Behind the beard; Inside the Jim’s franchise system
One of Australia’s most iconic franchise brands, Jim’s Mowing has branched out over a number of years, incorporating a series of home service, automotive and real estate offerings.
While diversification has brought new opportunities and market share, for founder, Jim Penman, his roots are still grounded in the group’s first love, the great outdoors.
Here, the man behind one of the most successful franchise groups in the country shares his advice and insights on the current outdoor service market, and what it takes to become a profitable franchisee.
Q: How competitive is the home and gardens services sector?
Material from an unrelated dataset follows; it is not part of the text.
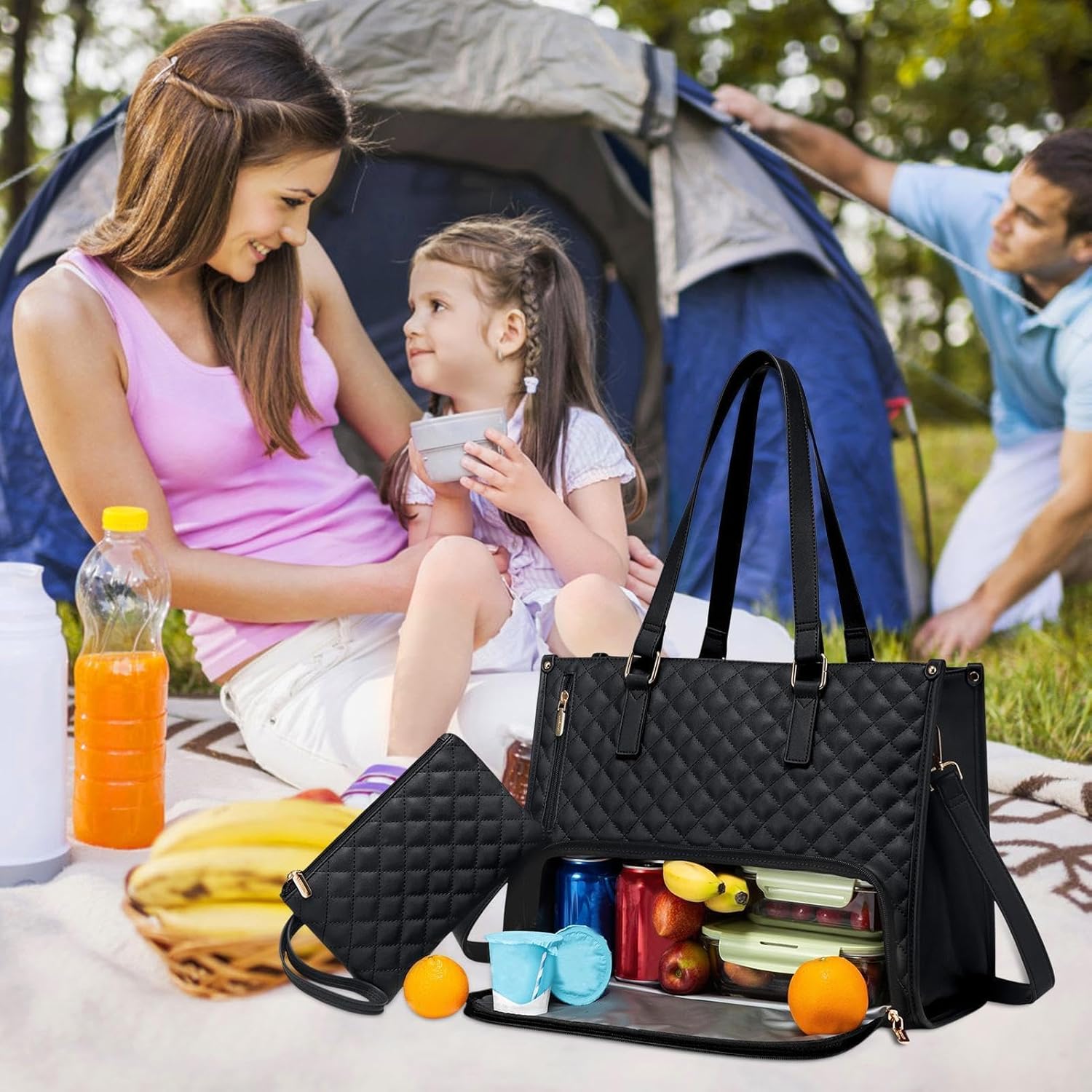 Dual-Compartment Lunch and Laptop Tote for Work Travel and On-the-Go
A: For us, it’s hardly competitive at all. In the past year alone we’ve knocked back more than 58,000 leads for mowing and gardening work, compared with 38,000 the previous year and 24,000 in the year before that. We’ve also been training and encouraging our franchisees to charge more. Though we’re growing, we simply can’t grow fast enough to keep up with the demand.
Q: How do you mark your brand out from the crowd?
A: We put a lot of attention on signage, setting up an automated system to check each trailer every two years. But our main focus has been on improving customer service. By an automated system that monitors complaints and sends out surveys, with appropriate rewards and sanctions, we’ve greatly improved our level of service in recent times. The effect is obvious.
Q: What is your strongest element of franchisee support?
A: We’ve found three elements are most important. The first is meetings, which are held about every six weeks. The second is fast and helpful response to franchisee phone calls. And the third is that the franchisor phones each franchisee regularly, at least monthly but ideally weekly. In all this, the personal relationship seems to matter far more than business advice. We monitor franchisors and figure out what works through annual, confidential franchisee surveys.
Q: What can a franchisee expect a typical day to look like?
A: Most of our jobs are domestic and quite small, so a franchisee typically does quite a few. Even though we’re called ‘Jim’s Mowing’, we strongly encourage franchisees to look for extras such as gardening, landscaping, rubbish removal and gutter clearing, which typically pay better hourly rates and reduce the time spent in travel. We also counsel them to take more work close to home and sell off clients further away, to steadily reduce travel time.
Q: What skills do you seek in a franchisee?
A: The first and most important is a passion for customers and strong aversion to letting them down. This applies to the work done, but even more to time-related actions such as phoning back fast and turning up on time. It’s also vital to have a self-critical attitude that accepts guidance and is always looking for ways to improve. Loving the job and the outdoors is also important. You don’t do well at a job you don’t enjoy. Specific skills such as pruning are less vital. They’re easily learnt.
Q: What growth opportunities are there for successful franchisees?
A: Many franchisees work on what we call ‘splits’, building up customers and selling the surplus to new franchisees, typically netting $20,000 to $25,000 each time. We also encourage them to employ people, with several now turning over millions of dollars a year. And we are always looking for capable leaders. One franchisee bought a franchise in 2014, then became a franchisor, then took over the dog wash division, and is now pioneering our growth into the UK.
Q: How long is a term?
A: Twenty years, but all our contracts have a right to renew at the end of a term, so effectively eternal.
Q: What is the cost of a franchise?
A: A mowing franchise is around $30,000 to $40,000, with equipment. Other divisions are more. Some, such as handyman, where the surplus of work is especially great, are less.